> [COLLECTED DATA]
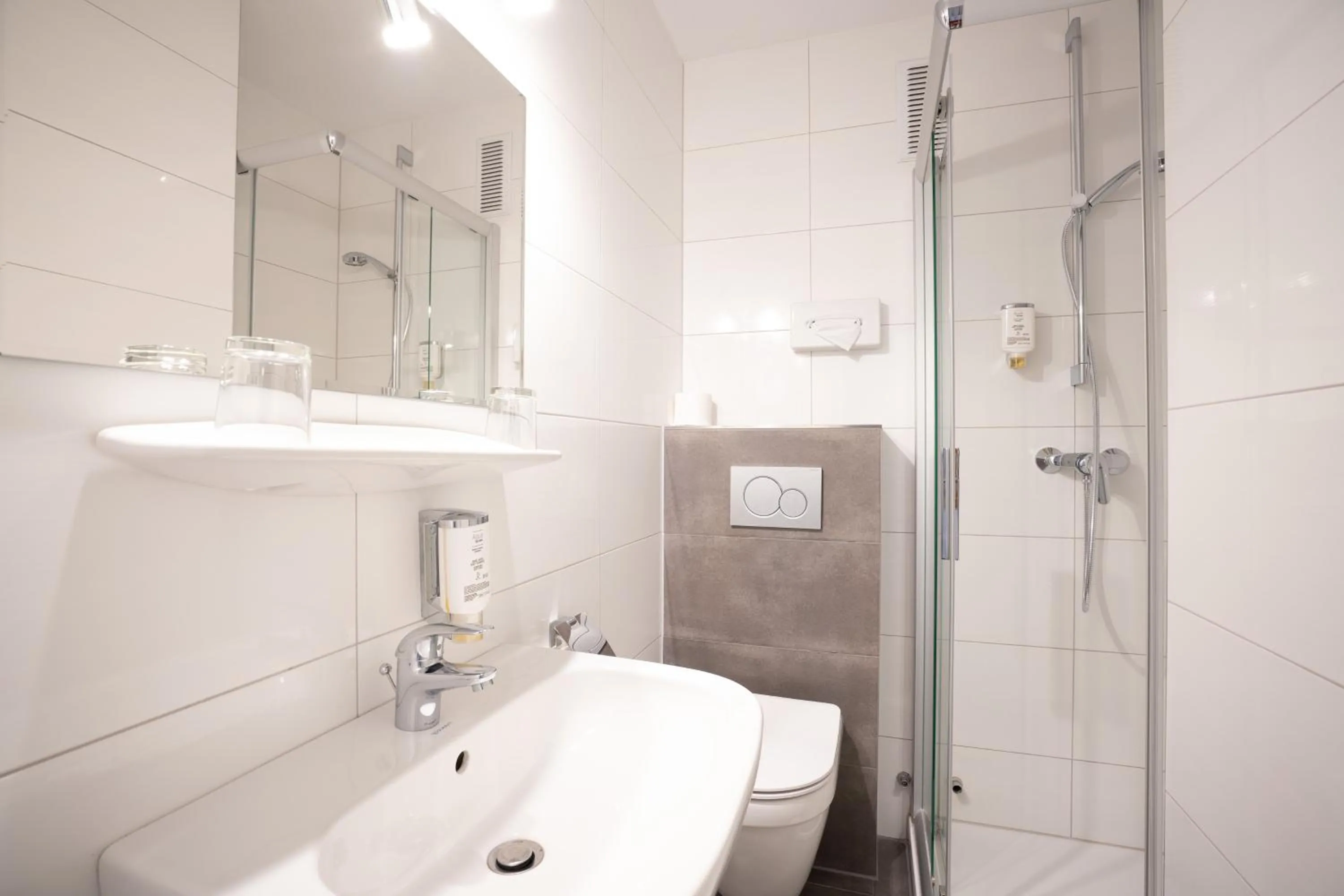 Bathroom in Hotel Zum Prinzen Sinsheim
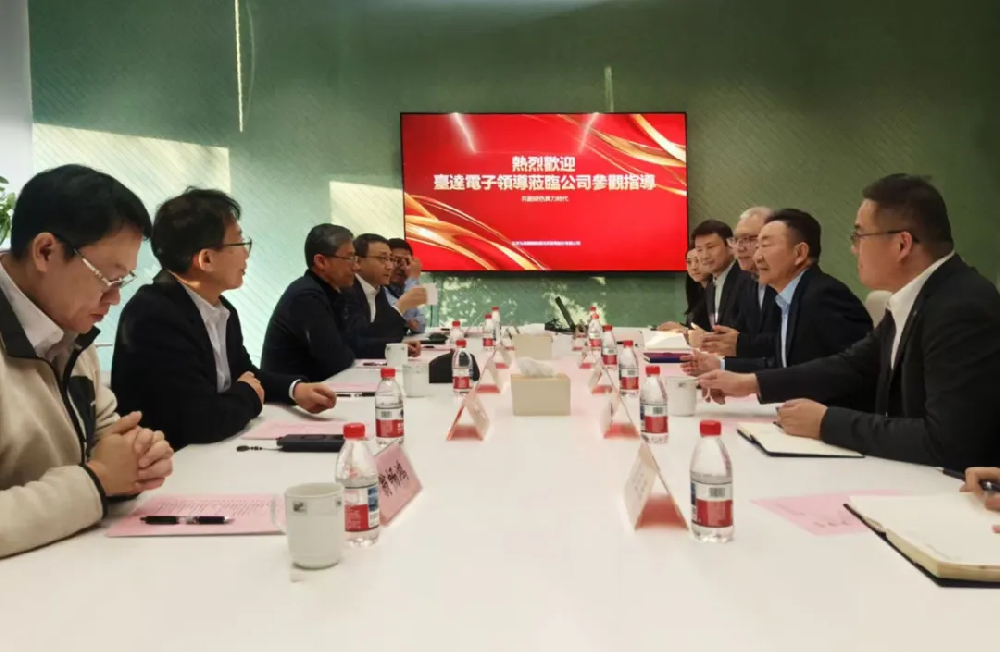 賦能全球 AIDC！臺達攜手泓慧能源共同定義 10kV 中壓 UPS 新標準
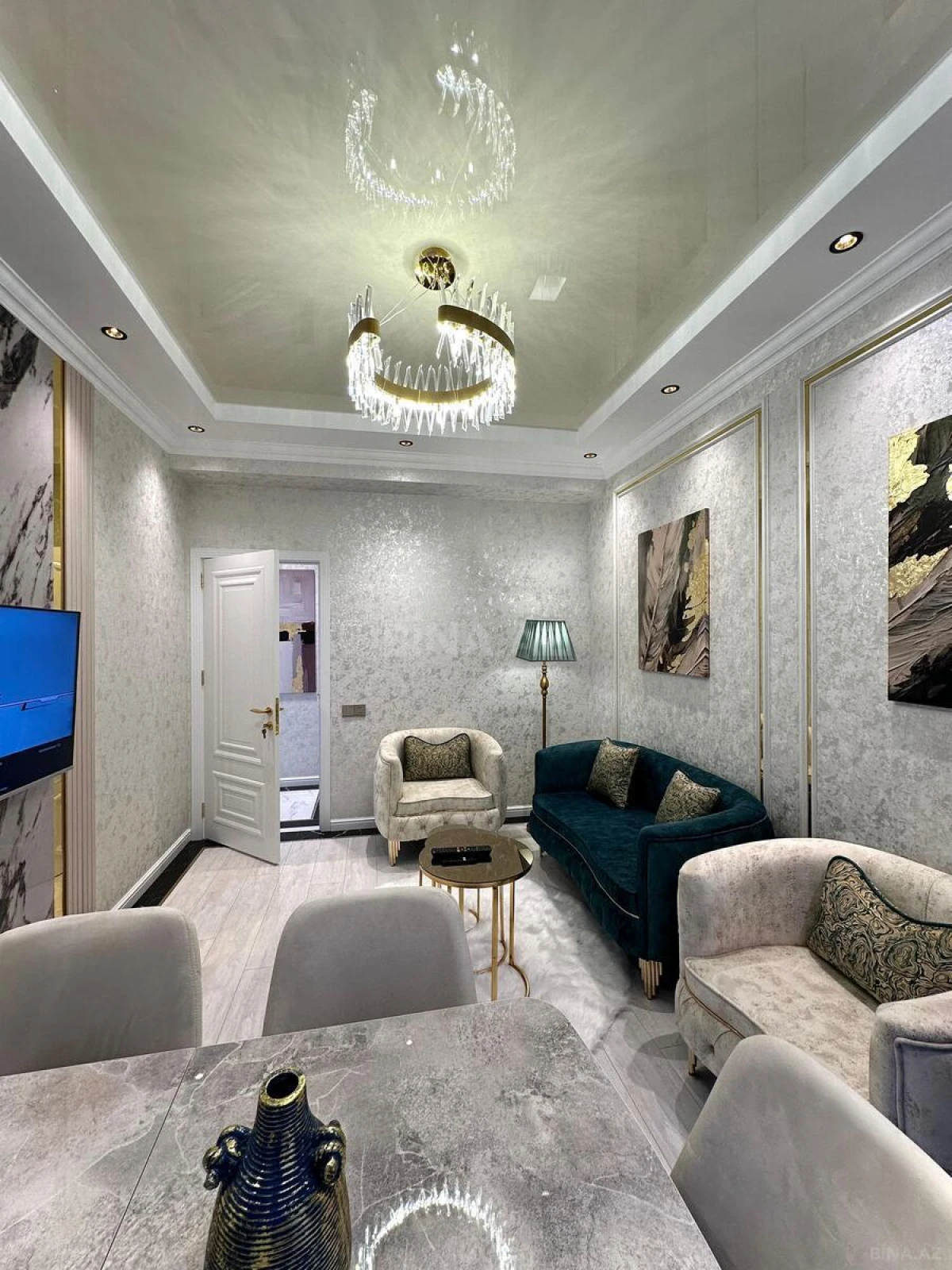 Satılır 2 otaqlı mənzil 71 m²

> [TASK OBJECTIVE]
Send back the listing exactly as it stands. Do not include the pictures.

> [EXERCISE RESULT]
 Bathroom in Hotel Zum Prinzen Sinsheim
 賦能全球 AIDC！臺達攜手泓慧能源共同定義 10kV 中壓 UPS 新標準
 Satılır 2 otaqlı mənzil 71 m²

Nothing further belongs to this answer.